La question du racisme structurel n’échappe pas à la tentative d’appropriation de la part de Stefan Kalmár. Prenant la position de l’observateur extérieur, il invisibilise de nouveau l'équipe de travailleur.euse.s de Manifesta 13 directement en prise avec ces questions d’analyse institutionnelle, alors que les curateur.rices reproduisent elleux-même souvent les rapports de force et violences structurelles qu’iels dénoncent.

Alors que l’équipe a initié tout au long de l’année une réflexion collective sur la question du racisme structurel et de ses ramifications, il est inacceptable que des personnes qui n’ont prise qu’avec une si petite partie de la problématique, et qui n’ont à aucun moment cherché à prendre conscience de ces réalités quotidiennes au sein de Manifesta 13 Marseille, puissent avoir une quelconque légitimité à s’exprimer sur le sujet. 

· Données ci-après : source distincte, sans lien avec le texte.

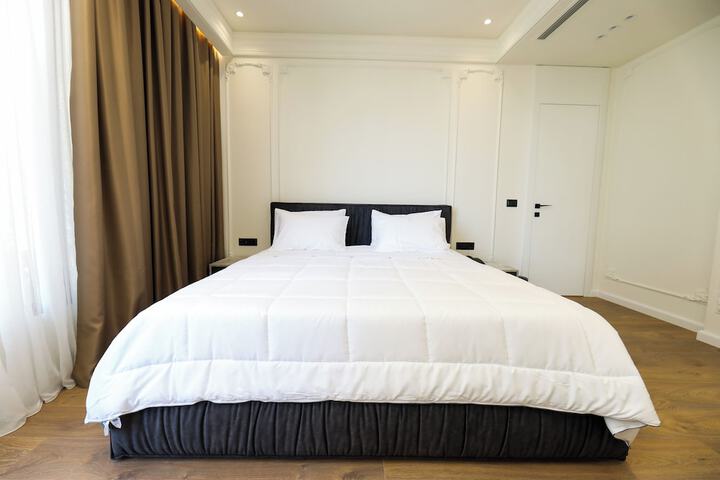 Room 27 of 59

Le temps n’est plus à l’accusation qui se lave de toutes fautes mais bien à l’introspection et à la vigilance quant à ses propres actes face à une réalité qui touche le monde de l’art dans son entièreté et à laquelle n’échappent ni les curateur.rice.s, ni les équipes, ni les institutions.

Plus généralement, il nous semble étonnant que les conclusions de la majorité des journalistes écrivant sur Manifesta 13 soient toujours exclusivement basées sur les déclarations des curateur.rice.s et de la direction. La presse demande rarement aux personnes qui réalisent la biennale quelle a été leur expérience. En ne prenant en compte que les discours des curateur.rice.s et des directeur.ice.s, iels reproduisent exactement ce qu'iels critiquent souvent : une institution diabolisée et pyramidale prétendant agir en solidarité pour la justice sociale.

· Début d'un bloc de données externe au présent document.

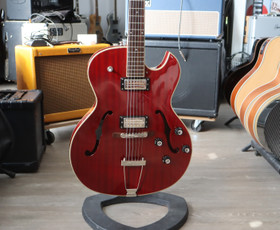 Guild Newark St. Collection Starfire III + case (used)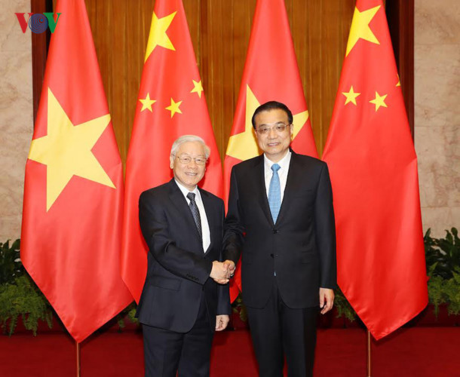 Tiếp đó, Tổng Bí thư Nguyễn Phú Trọng đã hội kiến với Ủy viên Thường vụ Bộ Chính trị Đảng Cộng sản Trung Quốc, Thủ tướng Quốc vụ viện Trung Quốc Lý Khắc Cường.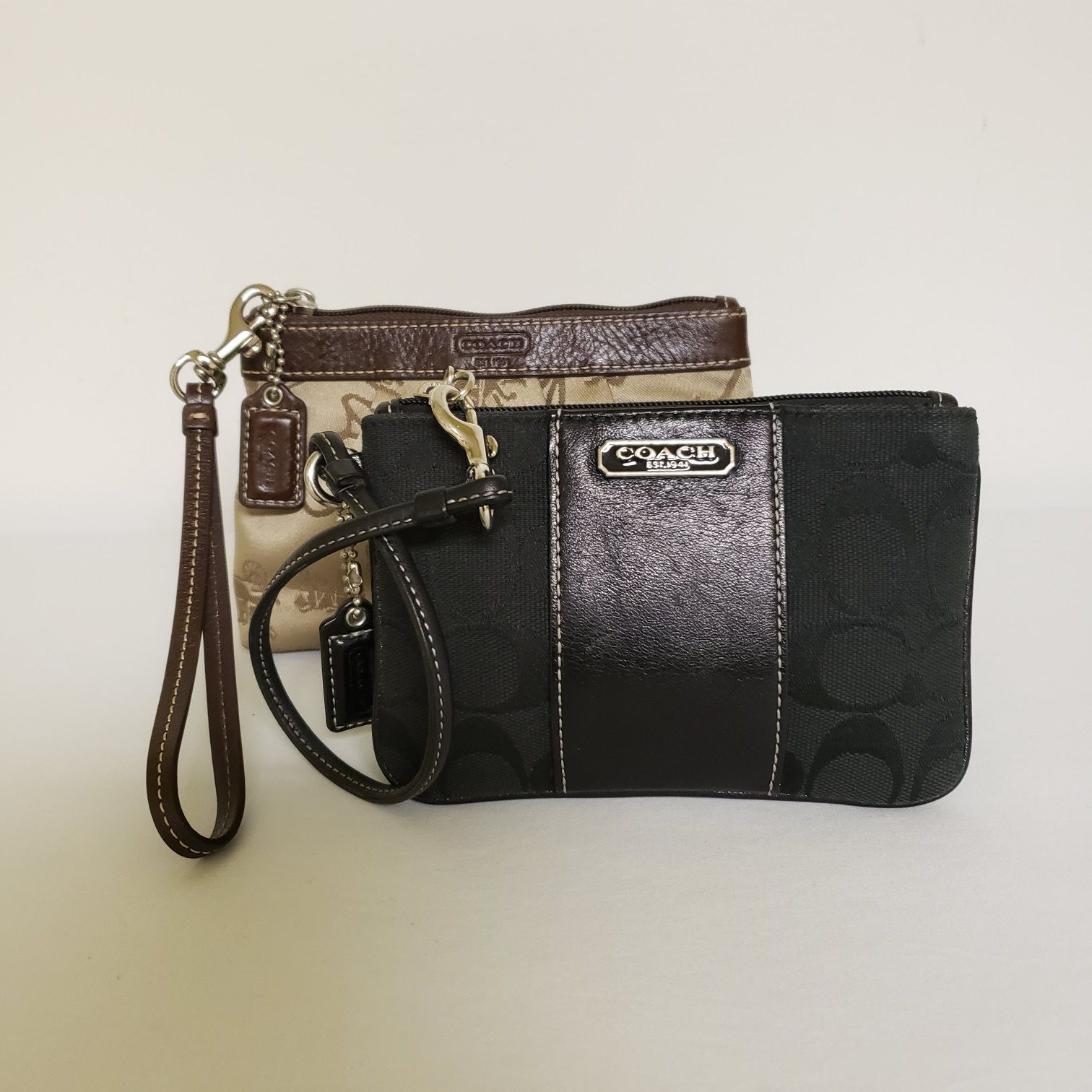 Coach Vtg Wristlet (2)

Malgré toutes les limites de son concept général, Manifesta 13 a mis en place de nombreux projets que nous pensons pertinents et humainement gratifiants. Si l’équipe est restée, ce n’est pas seulement par soi-disant solidarité avec les artistes invité.e.s, mais également du fait de notre engagement envers nos collaborateur.rice.s locaux.ales, les un.e.s envers les autres, et grâce aux relations de confiance que nous avons créées avec toute une série de personnes à Marseille que nous remercions sincèrement.